### Crawled caption data
*** Block opens ***

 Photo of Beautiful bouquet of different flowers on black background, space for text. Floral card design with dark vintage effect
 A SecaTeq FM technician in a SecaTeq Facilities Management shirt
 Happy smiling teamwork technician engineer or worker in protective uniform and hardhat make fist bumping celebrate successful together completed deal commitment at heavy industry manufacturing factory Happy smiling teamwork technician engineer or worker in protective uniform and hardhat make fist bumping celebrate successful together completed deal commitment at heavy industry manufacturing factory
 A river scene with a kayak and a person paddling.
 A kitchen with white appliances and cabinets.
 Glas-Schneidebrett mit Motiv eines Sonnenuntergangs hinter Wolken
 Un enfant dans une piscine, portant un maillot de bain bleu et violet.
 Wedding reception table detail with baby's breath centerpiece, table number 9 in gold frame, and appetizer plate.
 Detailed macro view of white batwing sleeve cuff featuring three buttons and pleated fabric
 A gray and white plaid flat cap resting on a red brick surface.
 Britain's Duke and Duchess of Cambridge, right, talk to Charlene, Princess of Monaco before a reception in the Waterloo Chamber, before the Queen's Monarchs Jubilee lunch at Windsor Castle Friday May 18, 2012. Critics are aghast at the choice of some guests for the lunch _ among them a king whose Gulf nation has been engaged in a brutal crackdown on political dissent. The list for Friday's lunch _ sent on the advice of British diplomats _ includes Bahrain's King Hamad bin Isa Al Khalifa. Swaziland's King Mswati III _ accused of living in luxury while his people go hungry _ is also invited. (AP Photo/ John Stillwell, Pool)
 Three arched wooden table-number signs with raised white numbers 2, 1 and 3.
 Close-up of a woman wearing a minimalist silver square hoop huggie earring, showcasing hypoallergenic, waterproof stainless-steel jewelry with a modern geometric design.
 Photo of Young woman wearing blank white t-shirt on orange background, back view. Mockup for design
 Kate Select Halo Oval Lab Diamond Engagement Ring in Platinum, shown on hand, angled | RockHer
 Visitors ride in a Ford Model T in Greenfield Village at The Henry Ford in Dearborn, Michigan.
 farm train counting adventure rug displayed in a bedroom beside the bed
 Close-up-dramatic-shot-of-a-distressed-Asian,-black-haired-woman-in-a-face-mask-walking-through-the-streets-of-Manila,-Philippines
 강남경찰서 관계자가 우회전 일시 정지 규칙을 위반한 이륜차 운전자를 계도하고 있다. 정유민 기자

*** Block closes ***

### Task goal
If a line of the entries contains "black", it counts; give the total of such lines and nothing more.

### Result for this task
2